Secondo il Fondo monetario internazionale il Pil italiano progredirà quest’anno dello 0,6%, ovvero 0,7 punti percentuali in meno rispetto alle previsioni ufficiali di ottobre scorso.
LA SARDEGNA. Per l’isola tuttavia la recessione, come denunciano i sindacati che chiedono una svolta alla Giunta Soru, sembra essere iniziata prima ancora del 2008. Almeno a vedere i dati dell’Istat sull’occupazione. Nonostante la media dell’anno scorso faccia segnare un 9,9% per quanto riguarda il tasso di disoccupazione, l’andamento del mercato del lavoro nell’ultimo trimestre dello scorso anno mostra una congiuntura molto negativa. Senza dimenticare, inoltre, che continuano a crescere le persone che si allontanano dal mercato del lavoro. Nel quarto trimestre del 2007, infatti, il tasso di disoccupazione in Sardegna ha toccato quota 11,2%, in crescita sia rispetto allo stesso periodo del 2006 (era al 10,6%), che al terzo trimestre dello scorso anno. Al 30 settembre, infatti, il tasso di disoccupazione in Sardegna aveva fatto segnare un 8,7%, diventato appunto 11,2% il 31 dicembre. Insomma, la disoccupazione riprende a correre soprattutto grazie all’incremento del numero delle donne che non trovano lavoro. La disoccupazione femminile, infatti, è passata dal 13% del dicembre 2006 al 15,7% della fine 2007 (sono cresciute di 7.000 unità le donne che cercano un lavoro). Gli occupati, nell’isola, sono circa 9.000 in meno rispetto allo stesso periodo del 2006, mentre sono oltre 11.0000 i posti di lavoro persi tra settembre e dicembre dello scorso anno. Continuano ad aumentare, di circa duemila unità, le persone che non cercano più un’occupazione (scoraggiati).
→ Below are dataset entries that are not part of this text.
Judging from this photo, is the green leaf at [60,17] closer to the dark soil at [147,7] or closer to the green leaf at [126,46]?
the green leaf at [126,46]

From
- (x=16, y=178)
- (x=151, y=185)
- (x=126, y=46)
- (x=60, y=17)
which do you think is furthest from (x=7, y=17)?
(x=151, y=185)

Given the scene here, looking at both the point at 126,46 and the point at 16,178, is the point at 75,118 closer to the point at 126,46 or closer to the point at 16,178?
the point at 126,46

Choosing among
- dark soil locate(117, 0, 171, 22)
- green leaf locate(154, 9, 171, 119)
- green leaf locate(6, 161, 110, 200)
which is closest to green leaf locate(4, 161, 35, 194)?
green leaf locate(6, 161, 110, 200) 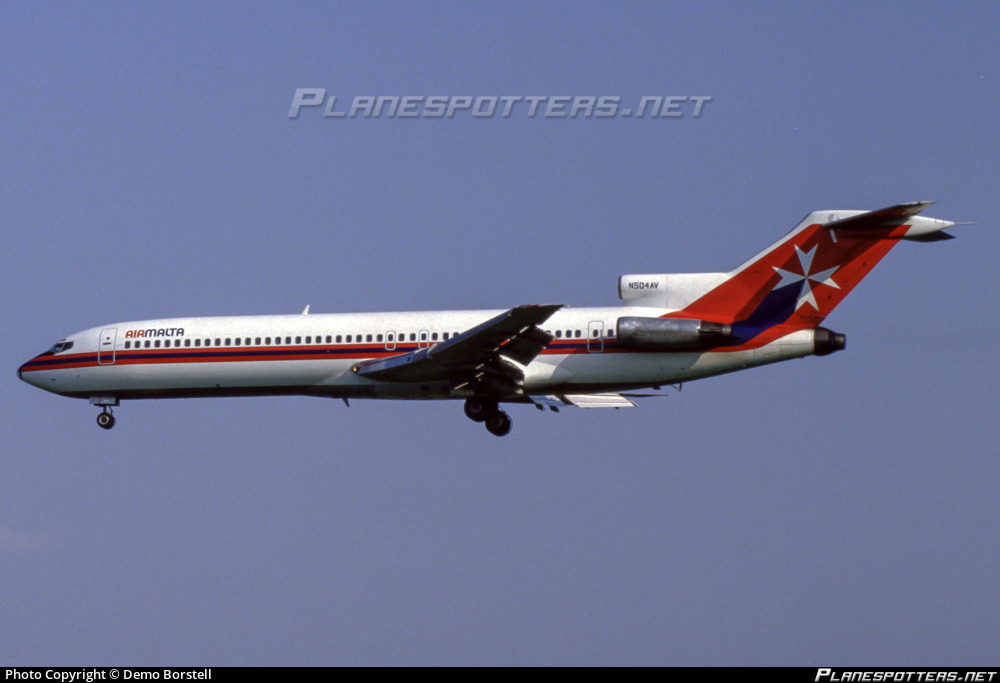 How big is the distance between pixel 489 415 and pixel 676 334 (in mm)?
5403

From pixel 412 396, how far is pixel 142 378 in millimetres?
7342

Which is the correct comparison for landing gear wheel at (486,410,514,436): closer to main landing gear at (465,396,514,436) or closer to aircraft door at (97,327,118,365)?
main landing gear at (465,396,514,436)

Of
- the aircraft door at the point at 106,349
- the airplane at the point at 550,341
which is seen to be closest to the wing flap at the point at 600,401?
the airplane at the point at 550,341

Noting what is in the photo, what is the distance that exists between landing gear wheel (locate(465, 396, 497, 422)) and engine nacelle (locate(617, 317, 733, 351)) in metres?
4.12

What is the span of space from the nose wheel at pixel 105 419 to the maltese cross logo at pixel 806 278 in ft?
58.5

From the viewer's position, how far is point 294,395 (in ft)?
124

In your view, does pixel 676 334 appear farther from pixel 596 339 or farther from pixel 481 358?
pixel 481 358

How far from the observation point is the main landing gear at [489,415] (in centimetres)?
3703

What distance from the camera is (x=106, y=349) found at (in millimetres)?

I SETTORI. La crisi dell’isola si riflette un po’ in tutti i settori produttivi. Se da un lato, segnala l’Istat, l’agricoltura migliora rispetto all’anno precedente, ma non nel confronto con il terzo trimestre del 2007, così come diminuisce l’occupazione anche nell’industria e resta stabile nelle costruzioni (sempre nello stesso periodo di riferimento), una vera e propria ecatombe di addetti si registra nei servizi. I posti persi sono oltre 24.000 e oltre 10.000 riguardano il settore del commercio in senso stretto. Insomma, la rincorsa non c’è e la Sardegna continua a soffrire. E non poco.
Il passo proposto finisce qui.